With initial funding provided by the United States Department of Agriculture (USDA), the Foundation conducted a children’s vaccination initiative against hepatitis B in the Russian Federation from 2000 -2006. At the time the program t was the largest public health program for children in Russia since the collapse of the Soviet Union. Since 2006 this hepatitis B vaccination initiative has been financed and managed entirely by the Russian Ministry of Health and Social Welfare.

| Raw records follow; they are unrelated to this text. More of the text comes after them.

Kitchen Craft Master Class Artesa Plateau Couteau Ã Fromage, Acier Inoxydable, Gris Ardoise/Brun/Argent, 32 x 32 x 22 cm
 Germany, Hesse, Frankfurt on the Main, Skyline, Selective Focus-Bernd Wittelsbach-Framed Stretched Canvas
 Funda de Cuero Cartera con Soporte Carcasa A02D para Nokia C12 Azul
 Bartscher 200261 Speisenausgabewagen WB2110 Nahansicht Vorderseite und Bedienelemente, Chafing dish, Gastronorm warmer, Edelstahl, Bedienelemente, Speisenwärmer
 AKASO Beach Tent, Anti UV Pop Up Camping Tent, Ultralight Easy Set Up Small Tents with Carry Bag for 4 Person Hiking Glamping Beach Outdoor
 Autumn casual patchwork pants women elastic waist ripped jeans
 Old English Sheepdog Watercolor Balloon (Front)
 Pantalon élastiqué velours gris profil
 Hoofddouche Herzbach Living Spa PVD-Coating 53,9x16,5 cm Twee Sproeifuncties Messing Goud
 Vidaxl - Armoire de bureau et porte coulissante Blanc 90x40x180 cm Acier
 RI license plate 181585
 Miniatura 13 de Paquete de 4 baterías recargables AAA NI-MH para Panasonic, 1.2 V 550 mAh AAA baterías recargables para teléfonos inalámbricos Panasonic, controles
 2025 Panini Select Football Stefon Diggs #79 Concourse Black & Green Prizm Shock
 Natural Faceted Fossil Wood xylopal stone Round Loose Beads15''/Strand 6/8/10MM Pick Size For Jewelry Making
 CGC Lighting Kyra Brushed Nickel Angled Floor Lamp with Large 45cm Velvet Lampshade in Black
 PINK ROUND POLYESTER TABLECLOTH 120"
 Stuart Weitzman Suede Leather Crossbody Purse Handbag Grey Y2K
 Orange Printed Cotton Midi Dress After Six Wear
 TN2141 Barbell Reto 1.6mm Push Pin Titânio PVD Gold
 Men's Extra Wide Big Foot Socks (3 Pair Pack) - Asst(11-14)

In 1999 the Russian Ministry of Health (MOH) began vaccinating newborns against hepatitis B but lacked funding to vaccinate adolescents and health care workers at risk of contracting the disease. In early 2000 the Russian health authorities turned to the Foundation for help in addressing this serious threat to public health. From its inception in 2000 as a regional program in central Russia, the Foundation vaccination initiative grew over the next six years to include 22 regions stretching from European Russia across Siberia to the Russian Far East. Other donors joined USDA in financing the effort, including the energy giant BP, the Norwegian Government, and the United Stated Agency for International Development (USAID).
From the beginning the enduring strategic goal of the Foundation vaccination initiative was to reduce the number of unvaccinated children in each region to a level that could be managed and financed with local and national resources within three years. This required close collaboration between the Foundation and national and local health authorities. Each regional vaccination program was designed jointly by local epidemiologists and the Foundation staff with the aim of strengthening the existing health care infrastructure and avoiding the creation of parallel structures. Staff training and public awareness campaigns were undertaken. Locally manufactured refrigerators and thermal containers for the safe storage of vaccines were distributed to facilities with outdated equipment. Close monitoring of record keeping and timely vaccine distribution was carried out jointly by the Foundation and by local health officials. Wherever possible, adolescents were vaccinated in their schools, which typically results in average coverage rates in excess of 95%. As a point of comparison, Western immunization programs are considered successful if they achieve a coverage rate of 90%.
In May 2006 the Foundation completed its nationwide vaccination program in the Russian Federation against hepatitis B for adolescents, institutionalized orphans and at risk health workers. Over 1.8 million children and nearly 100,000 at-risk health care workers were vaccinated in an initiative that encompassed 22 regions from Kaliningrad bordering Poland in the farthest western corner of the country to Primorsky along the Pacific Ocean in the Russian Far East. Now the Russian Ministry of Health and Social Development is financing this important work with its own resources.
The announcement by the Russian MOH in 2006 that it would assume full financial responsibility for vaccinating all 13-year-olds throughout Russia against hepatitis B was a clear affirmation of the Foundation’s vaccination initiative as a model of a sustainable public health program.